## PROVIDED MATERIAL
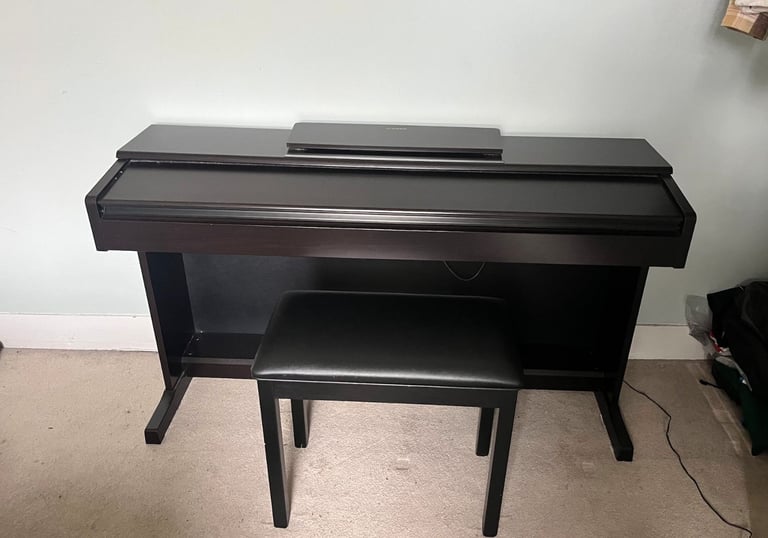Beautiful Yamaha Arius YDP/144 Digital Piano 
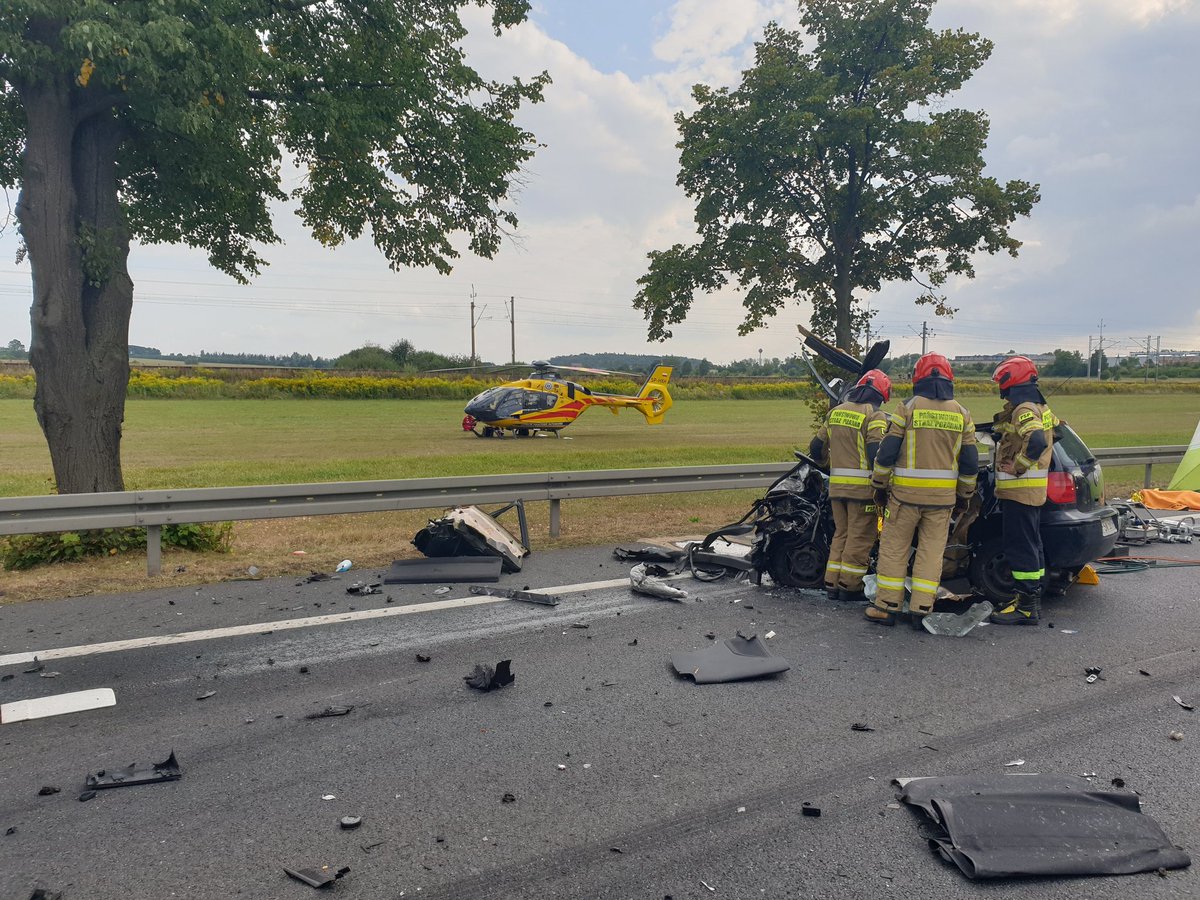 SSwiebodzin's tweet photo. Tragiczny wypadek
O godz. 16:07 świebodzińskie służby otrzymały zgłoszenie o wypadku samochodu osobowego z ciężarowym na 50,4 km drogi nr 92. Do działań zadysponowano 5 zastępów. W wyniku zdarzenia trzy osoby podróżujące osobówką poniosły śmierć na miejscu w tym dwójka nieletnich https://t.co/ry4MCRESNu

## TASK GOAL
Take the line with "SSwiebodzin's tweet photo. Tragiczny wypadek" and each line after it through the end of the material above, and reproduce them exactly, without the pictures.

## EXERCISE RESULT
 SSwiebodzin's tweet photo. Tragiczny wypadek
O godz. 16:07 świebodzińskie służby otrzymały zgłoszenie o wypadku samochodu osobowego z ciężarowym na 50,4 km drogi nr 92. Do działań zadysponowano 5 zastępów. W wyniku zdarzenia trzy osoby podróżujące osobówką poniosły śmierć na miejscu w tym dwójka nieletnich https://t.co/ry4MCRESNu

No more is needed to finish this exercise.